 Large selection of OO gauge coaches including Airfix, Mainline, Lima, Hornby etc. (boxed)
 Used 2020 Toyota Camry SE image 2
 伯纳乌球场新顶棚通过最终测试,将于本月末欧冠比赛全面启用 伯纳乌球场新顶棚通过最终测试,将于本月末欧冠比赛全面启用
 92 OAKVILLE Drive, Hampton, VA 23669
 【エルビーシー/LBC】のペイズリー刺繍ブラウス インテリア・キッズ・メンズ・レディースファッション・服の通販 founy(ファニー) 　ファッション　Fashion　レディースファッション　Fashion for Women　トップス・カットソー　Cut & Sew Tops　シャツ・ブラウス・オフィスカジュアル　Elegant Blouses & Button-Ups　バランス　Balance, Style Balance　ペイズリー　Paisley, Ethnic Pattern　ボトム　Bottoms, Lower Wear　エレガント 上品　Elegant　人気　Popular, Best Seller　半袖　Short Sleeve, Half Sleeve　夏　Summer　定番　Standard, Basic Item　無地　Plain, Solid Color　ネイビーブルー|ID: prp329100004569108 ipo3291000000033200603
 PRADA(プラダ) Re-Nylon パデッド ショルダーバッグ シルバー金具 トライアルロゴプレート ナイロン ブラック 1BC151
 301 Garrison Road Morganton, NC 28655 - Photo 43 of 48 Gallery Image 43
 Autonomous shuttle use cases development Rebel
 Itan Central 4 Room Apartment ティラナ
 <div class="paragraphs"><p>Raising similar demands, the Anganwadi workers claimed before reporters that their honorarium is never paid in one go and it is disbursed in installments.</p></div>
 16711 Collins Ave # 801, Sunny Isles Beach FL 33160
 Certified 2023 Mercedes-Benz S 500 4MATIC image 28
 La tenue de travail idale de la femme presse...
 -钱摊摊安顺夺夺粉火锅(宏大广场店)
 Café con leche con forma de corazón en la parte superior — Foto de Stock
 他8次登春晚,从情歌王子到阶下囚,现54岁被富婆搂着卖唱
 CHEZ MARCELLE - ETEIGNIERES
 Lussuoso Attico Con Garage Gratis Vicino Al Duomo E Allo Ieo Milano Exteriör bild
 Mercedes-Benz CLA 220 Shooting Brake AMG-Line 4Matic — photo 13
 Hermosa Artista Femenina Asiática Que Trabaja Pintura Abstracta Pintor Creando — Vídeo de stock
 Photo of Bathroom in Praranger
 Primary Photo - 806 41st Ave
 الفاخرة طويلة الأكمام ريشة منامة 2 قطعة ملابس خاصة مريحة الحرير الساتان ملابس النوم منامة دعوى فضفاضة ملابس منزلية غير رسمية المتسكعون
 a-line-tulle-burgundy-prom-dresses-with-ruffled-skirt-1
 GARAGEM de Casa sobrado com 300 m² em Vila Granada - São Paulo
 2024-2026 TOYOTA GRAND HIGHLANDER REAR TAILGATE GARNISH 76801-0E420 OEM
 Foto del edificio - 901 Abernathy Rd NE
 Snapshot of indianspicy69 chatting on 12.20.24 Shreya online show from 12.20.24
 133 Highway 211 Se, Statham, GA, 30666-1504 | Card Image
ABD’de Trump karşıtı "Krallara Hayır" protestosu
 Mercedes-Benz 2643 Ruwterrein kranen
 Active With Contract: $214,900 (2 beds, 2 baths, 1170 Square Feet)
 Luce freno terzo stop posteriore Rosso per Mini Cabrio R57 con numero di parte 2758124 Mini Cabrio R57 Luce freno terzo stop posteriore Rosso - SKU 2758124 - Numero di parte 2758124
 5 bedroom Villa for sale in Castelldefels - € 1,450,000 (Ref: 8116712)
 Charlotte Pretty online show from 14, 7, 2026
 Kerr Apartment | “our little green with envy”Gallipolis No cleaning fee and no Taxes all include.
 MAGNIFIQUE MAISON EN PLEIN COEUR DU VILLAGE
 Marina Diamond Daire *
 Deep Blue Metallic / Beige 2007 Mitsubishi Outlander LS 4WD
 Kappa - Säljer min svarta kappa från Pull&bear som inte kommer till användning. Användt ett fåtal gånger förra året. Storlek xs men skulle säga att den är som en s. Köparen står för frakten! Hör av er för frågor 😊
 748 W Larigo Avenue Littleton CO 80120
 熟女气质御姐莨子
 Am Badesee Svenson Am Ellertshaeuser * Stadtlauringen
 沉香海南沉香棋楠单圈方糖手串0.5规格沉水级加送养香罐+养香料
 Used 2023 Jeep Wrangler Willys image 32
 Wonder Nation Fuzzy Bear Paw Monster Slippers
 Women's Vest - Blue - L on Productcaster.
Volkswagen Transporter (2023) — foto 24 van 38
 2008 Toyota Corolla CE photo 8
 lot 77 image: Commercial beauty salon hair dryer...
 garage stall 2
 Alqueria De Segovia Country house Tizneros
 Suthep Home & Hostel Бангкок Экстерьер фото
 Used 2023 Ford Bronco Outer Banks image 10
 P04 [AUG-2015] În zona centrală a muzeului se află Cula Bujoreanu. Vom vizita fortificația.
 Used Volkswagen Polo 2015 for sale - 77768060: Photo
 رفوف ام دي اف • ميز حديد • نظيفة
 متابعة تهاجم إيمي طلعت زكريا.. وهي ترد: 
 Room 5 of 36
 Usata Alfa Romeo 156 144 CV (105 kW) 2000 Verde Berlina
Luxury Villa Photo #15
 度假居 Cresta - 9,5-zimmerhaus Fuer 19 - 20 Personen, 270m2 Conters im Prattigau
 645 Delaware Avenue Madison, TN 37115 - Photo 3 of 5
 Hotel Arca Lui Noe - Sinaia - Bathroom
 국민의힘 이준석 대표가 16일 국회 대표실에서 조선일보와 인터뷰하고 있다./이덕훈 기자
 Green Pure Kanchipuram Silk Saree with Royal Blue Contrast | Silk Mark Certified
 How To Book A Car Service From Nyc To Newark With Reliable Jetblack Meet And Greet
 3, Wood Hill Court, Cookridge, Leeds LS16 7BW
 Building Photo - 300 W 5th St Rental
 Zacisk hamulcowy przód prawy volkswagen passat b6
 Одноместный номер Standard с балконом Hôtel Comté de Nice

======

[Task requirements]: Your task for the entries above: copy exactly the span starting with the line with "748 W Larigo Avenue Littleton CO 80120" and going on through the line with "Volkswagen Transporter (2023)", both lines included, and nothing else.

[Task result]:
 748 W Larigo Avenue Littleton CO 80120
 熟女气质御姐莨子
 Am Badesee Svenson Am Ellertshaeuser * Stadtlauringen
 沉香海南沉香棋楠单圈方糖手串0.5规格沉水级加送养香罐+养香料
 Used 2023 Jeep Wrangler Willys image 32
 Wonder Nation Fuzzy Bear Paw Monster Slippers
 Women's Vest - Blue - L on Productcaster.
Volkswagen Transporter (2023) — foto 24 van 38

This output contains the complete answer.